Picking a favourite REM album is like picking a favourite child, or a favourite Jolly Rancher, for some people. It just can’t be done. Even the most ardent fan is a little cagey on the subject, usually muttering some sort of apology for not having a preference. There doesn’t seem to be a consensus even: some will never veer from their faith in Automatic For The People as the be-all and end-all of alternative rock, some will swear by earlier works like Murmur. New Adventures In Hi-Fi seems to cause some controversy, some fans bemoaning a lack of inspiration and a seeming apathy, some kneeling before the likes of E-Bow The Letter and Electrolite as (rightly) classic examples of the Georgians’ oeuvre.
Myself, I’m still learning. REM is quite the hot topic around YCCMB Towers, with much love up for grabs. So while I’ve heard a great deal of the music, I can’t claim a definitive opinion of any sort.
Not that that’s ever stopped me before. Green is my favourite REM. It’s living proof that major labels need not be the restrictive, binding influence they’re imagined to be, Warners' allowing REM to get away with some of their most goosebump-raising moments on this record. But REM were always accessible – their songs, while in no way lowbrow are impossible to resist, and certainly not difficult – on first listen at least. There’s great depths. There’s pop aplenty on Life’s Rich Pageant, for example, and plenty of solid, almost traditional songwriting on all their prior releases. That’s why they were so well-positioned to go on and become the World’s Biggest Band, for a while – accessible, yet credible enough for indie kids to fall in love with.
Green was the starting point, the move away from IRS that signalled that bigger things lay in store. It starts with the brash Pop Song 89 that, along with Stand, was the commercial draw that chances are were pushed as singles by Warner – Stand in particular draws some ire amongst diehards. But it’s the acoustic numbers that pull me in: starting at track 3 with arguably one of the band’s greatest ever songs. You Are The Everything is Peter Buck’s finest hour as a mandolin hero, and one of Michael Stipe’s as a singer and a poet. There’s undeniable emotion here, in the construction and rhythm of the words as well as Stipes’ delivery, cracking every now and then with held-in sighs.
World Leader Pretend, Orange Crush, The Wrong Child, I Remember California, these all pass by containing more moments of beauty in each one than some bands manage in their entire career. The latter, particularly, is for me the epitome of the wistful nostalgia that REM do so wonderfully (cf. E-Bow?), and The Wrong Child slays with one cry of “okay.” But I’ve been thinking about this post all week, and try as I might, I can’t put Hairshirt out of my head.
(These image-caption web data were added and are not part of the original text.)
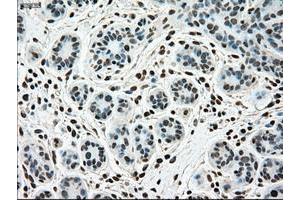 Image no. 1 for anti-Sjogren Syndrome Antigen B (SSB) antibody (ABIN1501146)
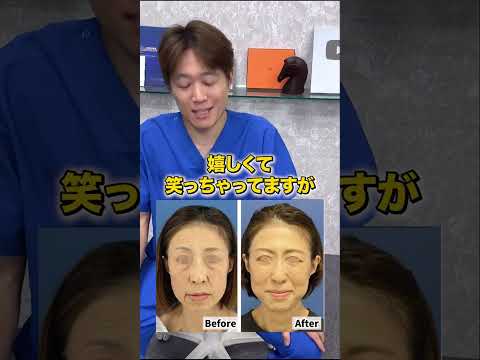 1+1を10にするアンチエイジング#shorts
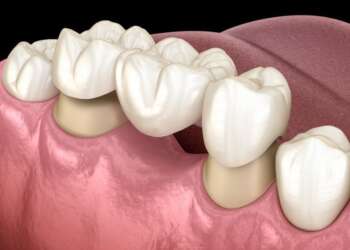 dental bridge crowns dental bridge crowns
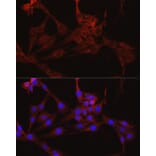 Immunofluorescence - Anti-IDH1 Antibody (A13927) - Antibodies.com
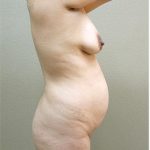 Mommy Makeover Before & After Patient #1231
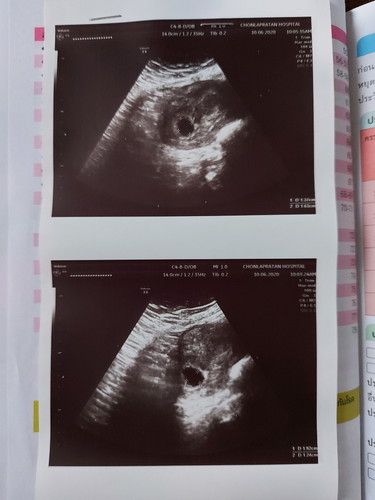 อัลตาซาว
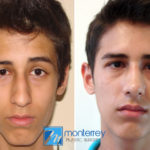 Rhinoplasty photo gallery by Dr. Josue Lara Ontiveros from Monterrey Plastic Surgery.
I’ve no idea what the song’s about. "I am not the kind of dog to keep you waiting, for no good reason at all. Run a carbon-black test on my jaw." Not the slightest, but I am convinced just from listening that it’s something vitally important, a bruising, savagely real take on something to remain nameless. I don’t know if it’s the suspended mandolin chords, or Stipe’s forceful grace notes on “here I am in your life,” but it really tugs. The phrasing is so unique, so REM, and it has but sparse accompaniment (on mandolin again), which is all that’s necessary: REM are not so much a band intent on the overblown, so quiet suffices when it’s time for quiet.
It quite genuinely caused some fraught decision-making to pick Hairshirt. After all, You Are The Everything is one of the classic indie pop songs of the last twenty years, I Remember California is so wonderful as well, but I think I've made the right choice, just about.